CarpetReader API

CarpetReader provides multiple ways to read data from Parquet files. When you instantiate a CarpetReader the file is not opened or read. It's processed when you execute one of its read methods.

To instantiate it you need to provide a Java File or a Parquet InputFile and the class of the record you want to read. The record class must be a Java record that match the field names in the Parquet schema.

CarpetReader<MyRecord> reader = new CarpetReader<>(inputFile, MyRecord.class);

Parquet doesn't support InputStream because Parquet's file format requires random access to read metadata from the footer and data pages throughout the file. Since InputStream only provides sequential forward-only access, it's not suitable for reading Parquet files.

Reading Methods

Stream Processing

Stream<T> stream()

CarpetReader<T> can return a Java stream to iterate it applying functional logic to filter and transform its content.

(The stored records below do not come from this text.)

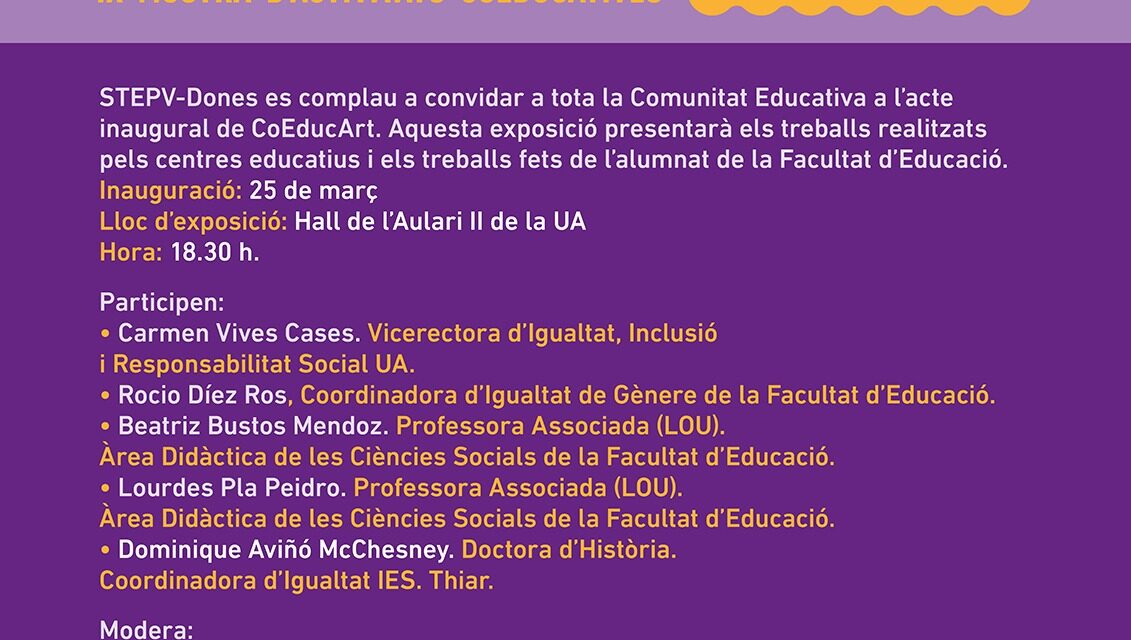 La UA acull l’exposició de la novena edició del projecte CoeducArt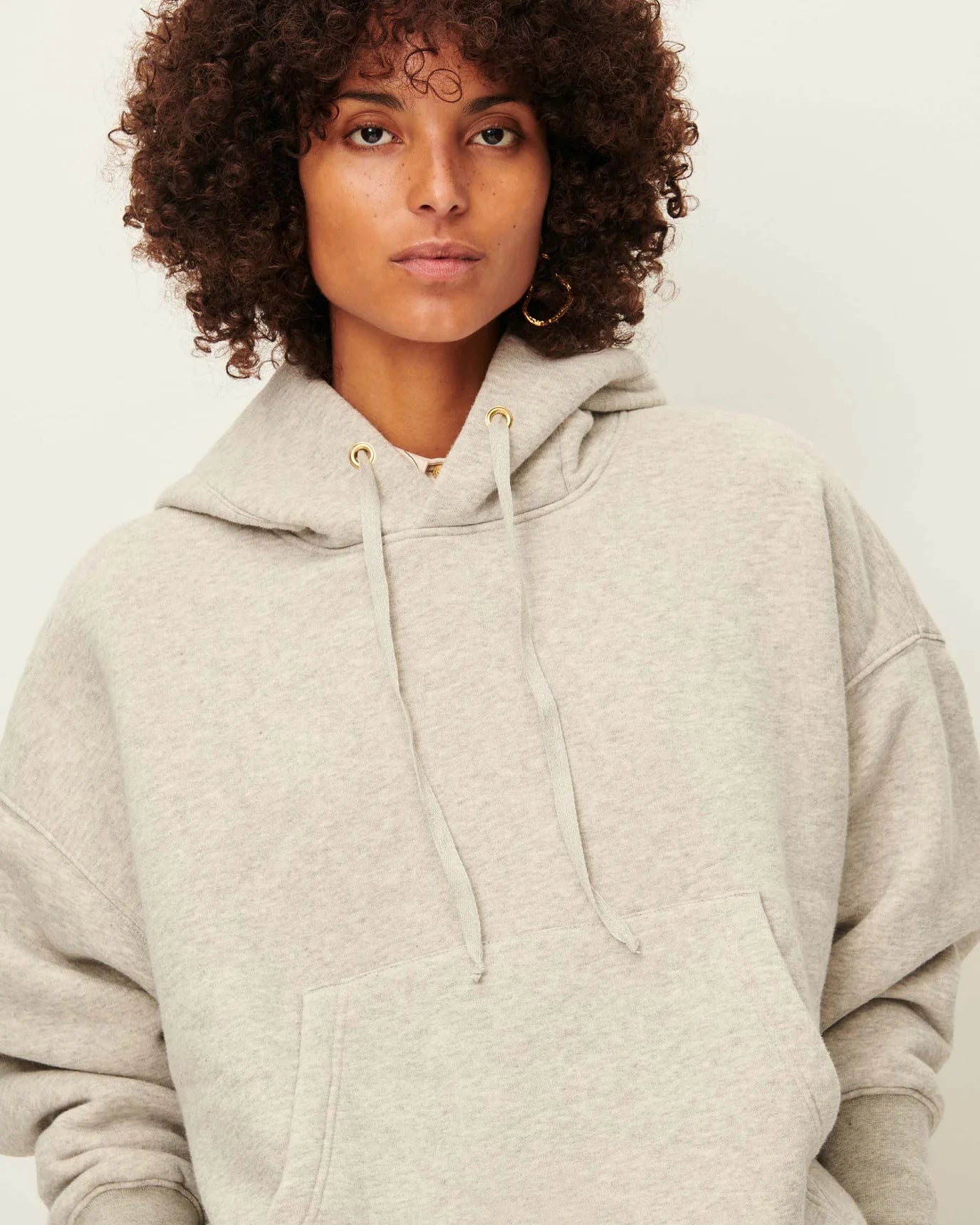 Sessun Oversized Hoodie Light Grey
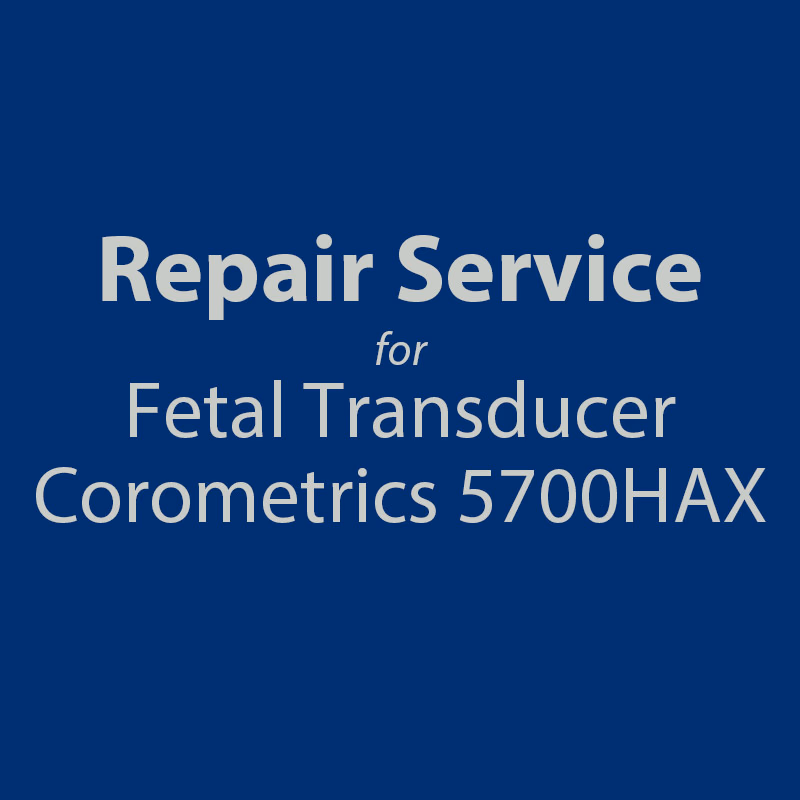 Repair service for Fetal Transducers - GE Healthcare 5700HAX Repair with brand new replacement parts and calibrated. SKU: R3002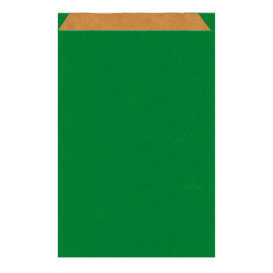 Papírová Kraft Obálka Zelený 19+8x35cm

var reader = new CarpetReader<>(file, MyRecord.class);
List<OtherType> list = reader.stream()
    .filter(r -> r.value() > 100.0)
    .map(this::mapToOtherType)
    .toList();

File content is read while streaming, not loaded entirely into memory. This is useful for large files. The stream will be closed automatically when the processing is done.

Collecting `toList`

If you don't need to filter or convert the content, you can directly collect the whole content as a List<T>:

List<MyRecord> list = new CarpetReader<>(file, MyRecord.class).toList();

For-Each Loop

CarpetReader<T> implements Iterable<T> and thanks to For-Each Loop feature from Java sintax you can iterate it with a simple for:

var reader = new CarpetReader<>(file, MyRecord.class);
for (MyRecord r: reader) {
    doSomething(r);
}

Iterator

Implementing Iterable<T>, there is also available a method iterator():

var reader = new CarpetReader<>(file, MyRecord.class);
Iterator<MyRecord> iterator = reader.iterator();
while (iterator.hasNext()) {
    MyRecord r = iterator.next();
    doSomething(r);
}